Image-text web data
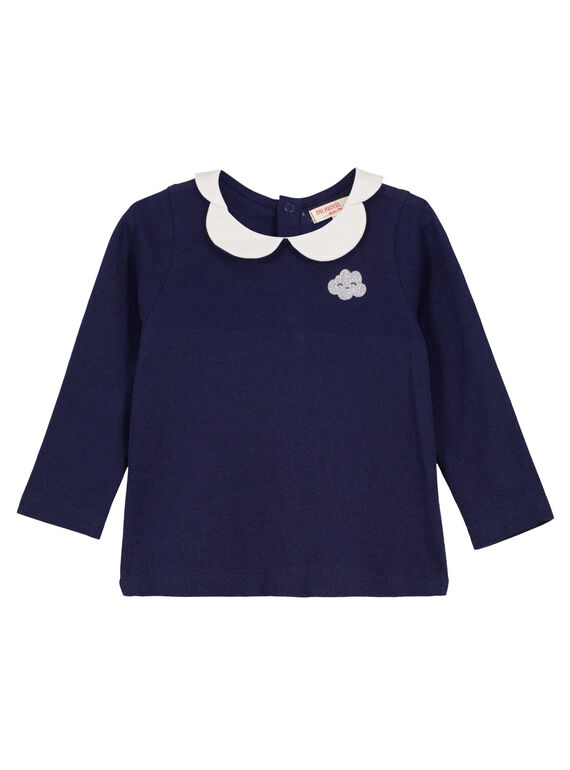 Navy Baby blouse GIJOBRA1 / 19WG0932BRA070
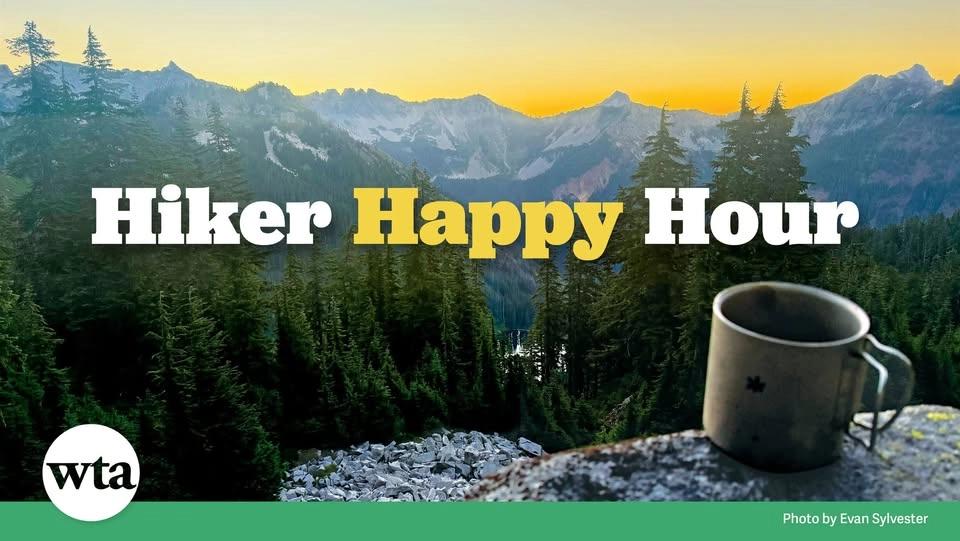 Hiker Happy Hour with Gearhouse | Seattle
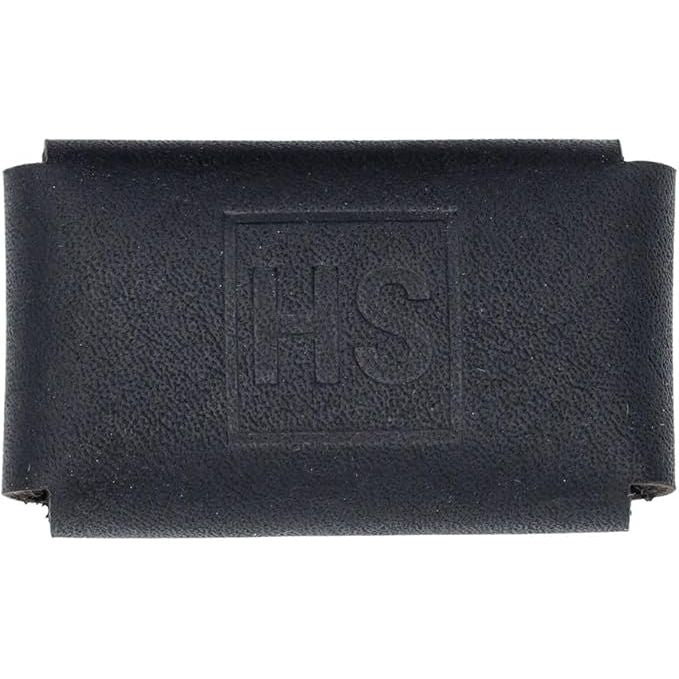 Henson Black Leather The Henson Razor Head Cover by Pasteur Pharmacy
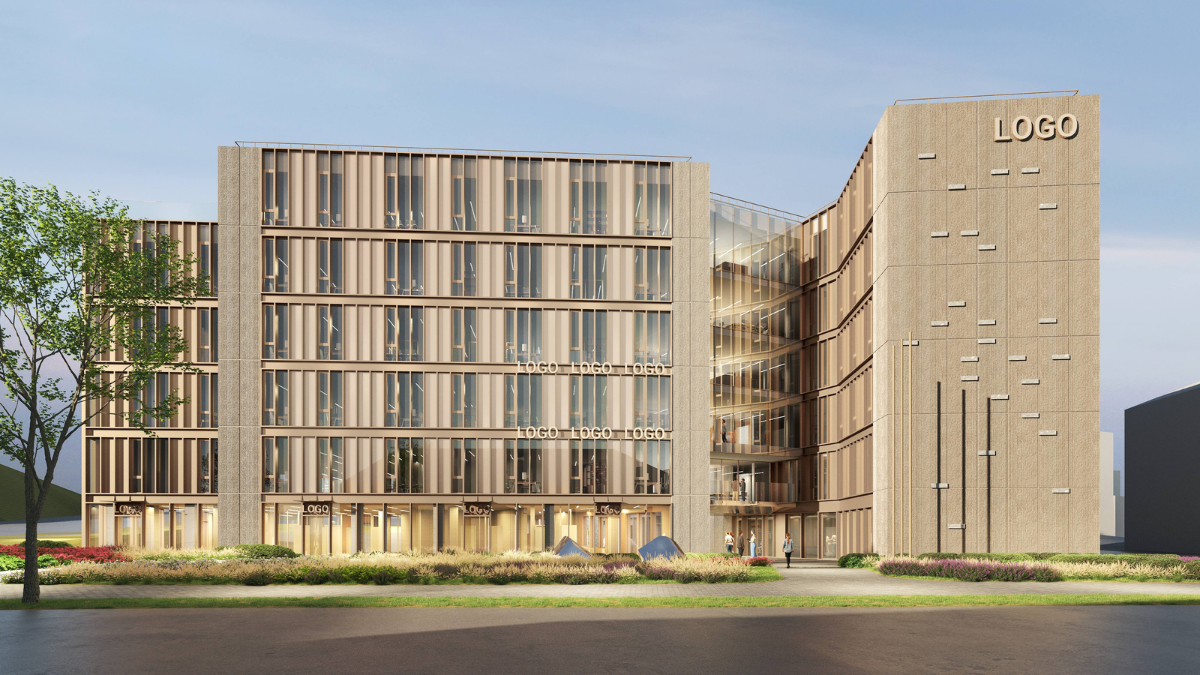 Naujai statomame verslo centre „Jasinskio 2“ didesnė dalis patalpų jau išnuomota 1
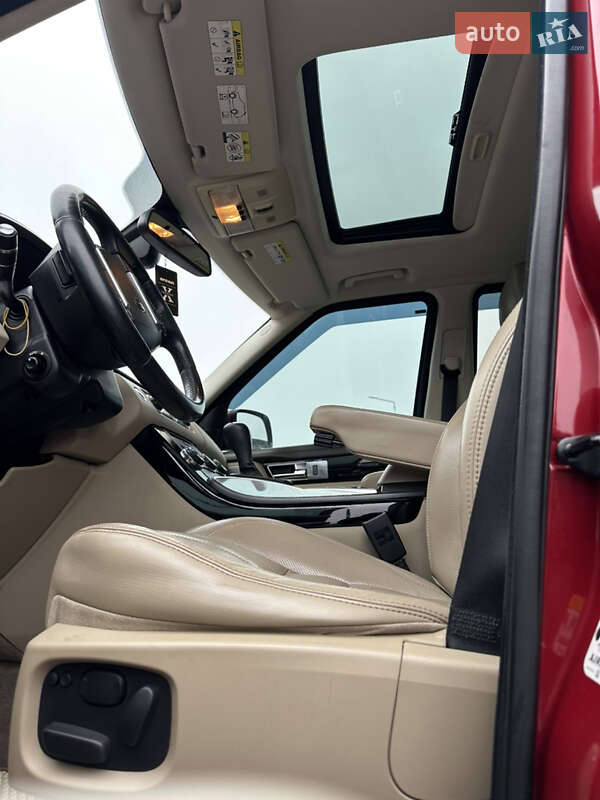 Внедорожник / Кроссовер Land Rover Range Rover Sport 2013 в Киеве фото 16 Внедорожник / Кроссовер Land Rover Range Rover Sport 2013 в Киеве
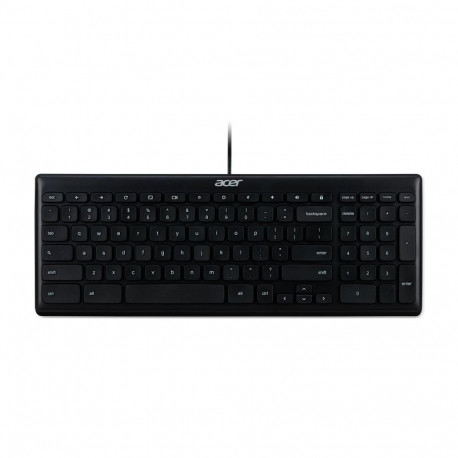 Acer AKW900 | Keyboard | Wired | US International | Black | USB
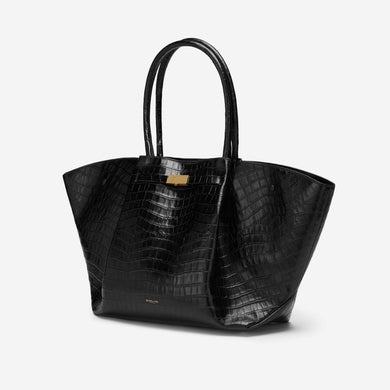 The New York Black Croc-Effect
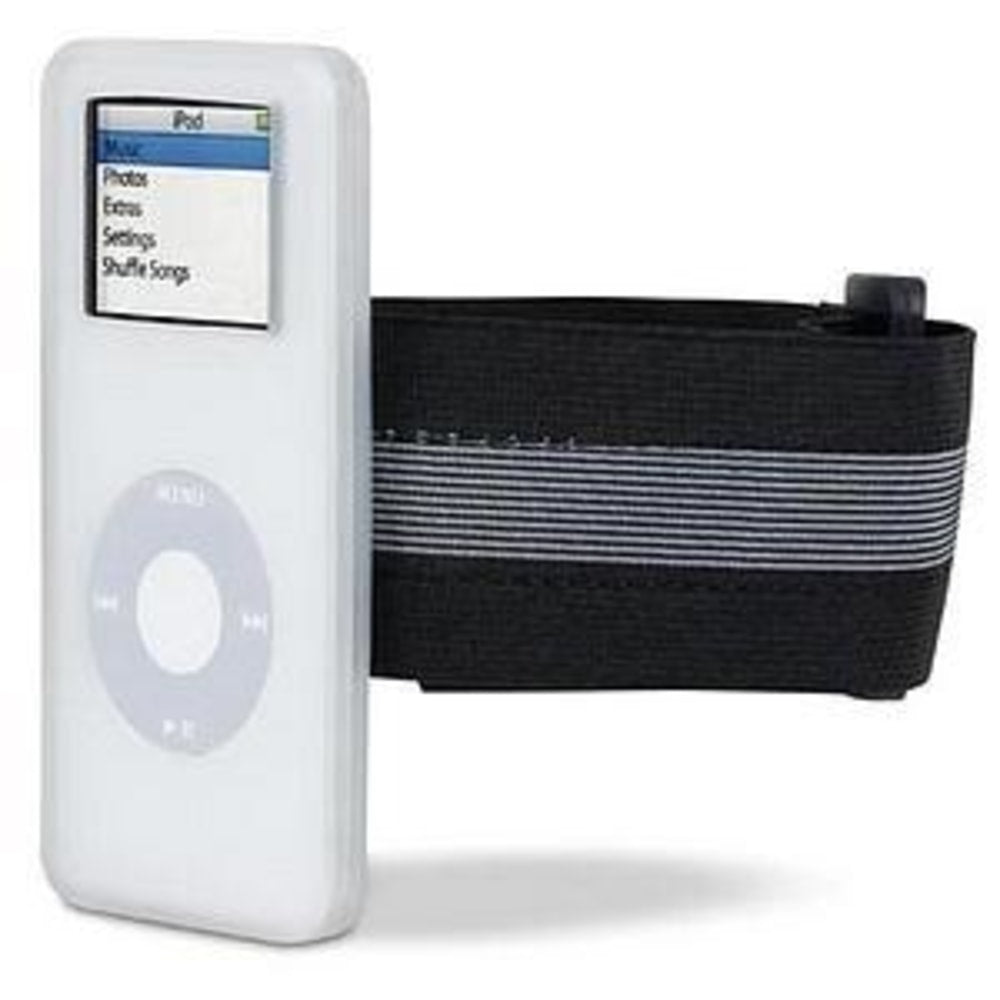 Belkin iPod nano Sports Sleeve - Silicone - Frosted White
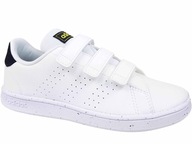 ADIDAS ADVANTAGE CF GW6496 STAN SMITH TRAMPKI TENISÓWKI BIAŁE BUTY NA RZEPY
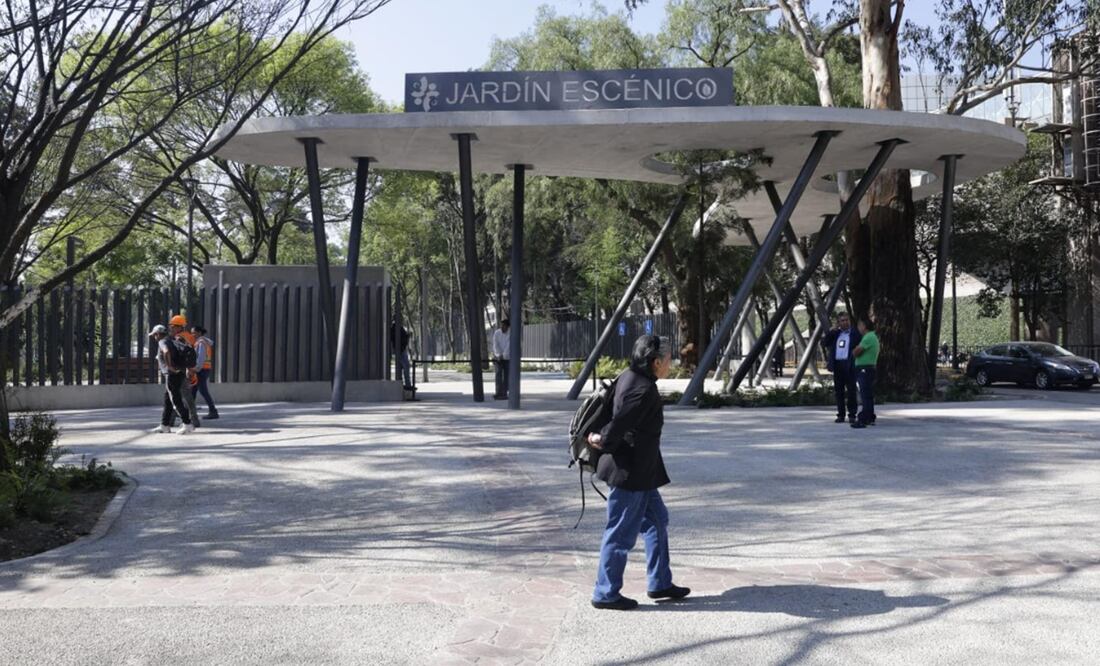 Jardín Escénico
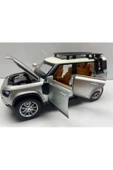 HEPSİLAZIM Land Rover Defender Metal Araba 23 Cm Sesli Işıklı Kapılar Bagaj Kaput Açılır Oyuncak Demir Araç - 3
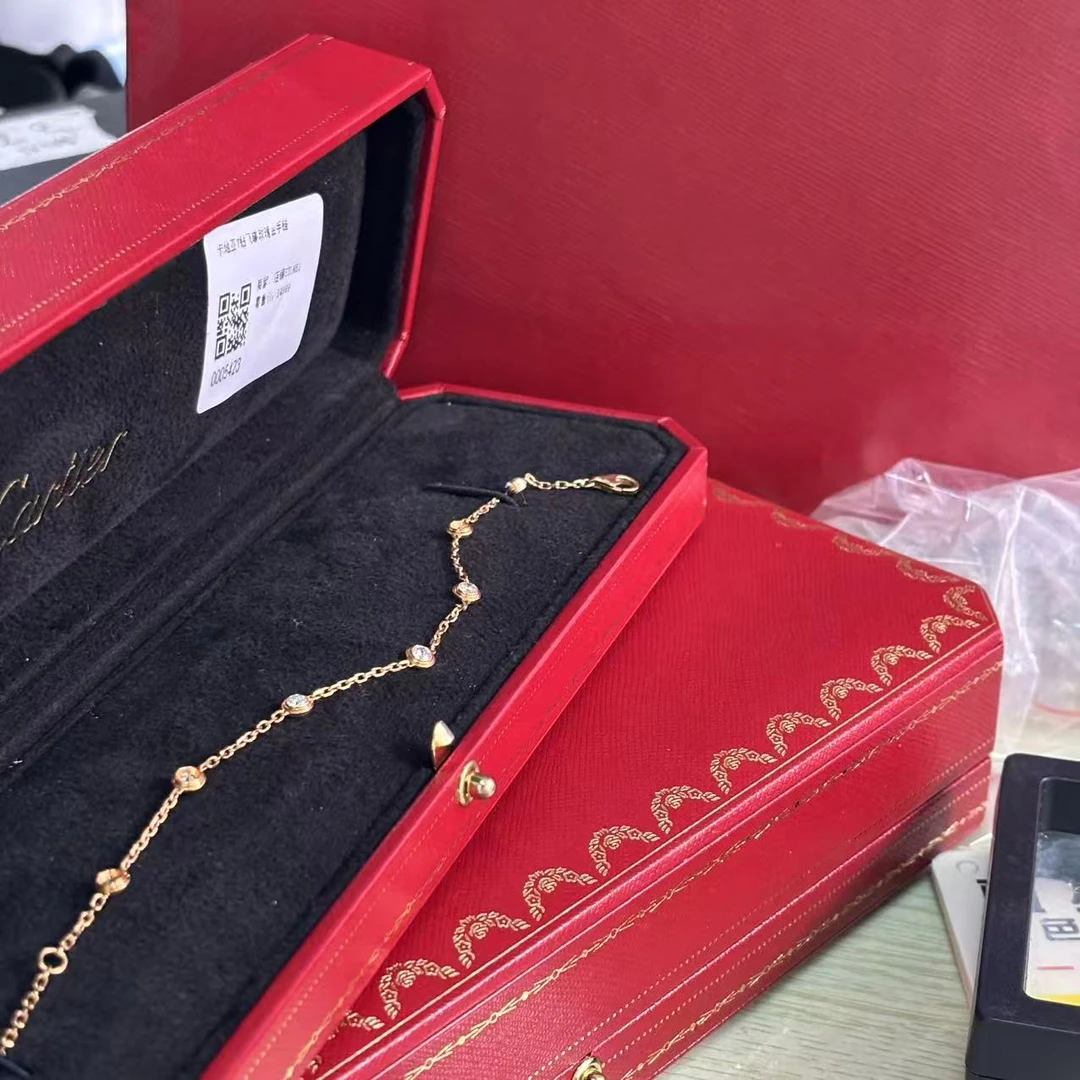 95新 Cartier/卡地亚  安洁利严选护身符系列/0005423项链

# TASK ITEM:
Write out exactly the lines above, from the very first through the line containing "Jardín Escénico", both kept, with the pictures removed.

# WRITTEN SOLUTION:
 Navy Baby blouse GIJOBRA1 / 19WG0932BRA070
 Hiker Happy Hour with Gearhouse | Seattle
 Henson Black Leather The Henson Razor Head Cover by Pasteur Pharmacy
 Naujai statomame verslo centre „Jasinskio 2“ didesnė dalis patalpų jau išnuomota 1
 Внедорожник / Кроссовер Land Rover Range Rover Sport 2013 в Киеве фото 16 Внедорожник / Кроссовер Land Rover Range Rover Sport 2013 в Киеве
 Acer AKW900 | Keyboard | Wired | US International | Black | USB
 The New York Black Croc-Effect
 Belkin iPod nano Sports Sleeve - Silicone - Frosted White
 ADIDAS ADVANTAGE CF GW6496 STAN SMITH TRAMPKI TENISÓWKI BIAŁE BUTY NA RZEPY
 Jardín Escénico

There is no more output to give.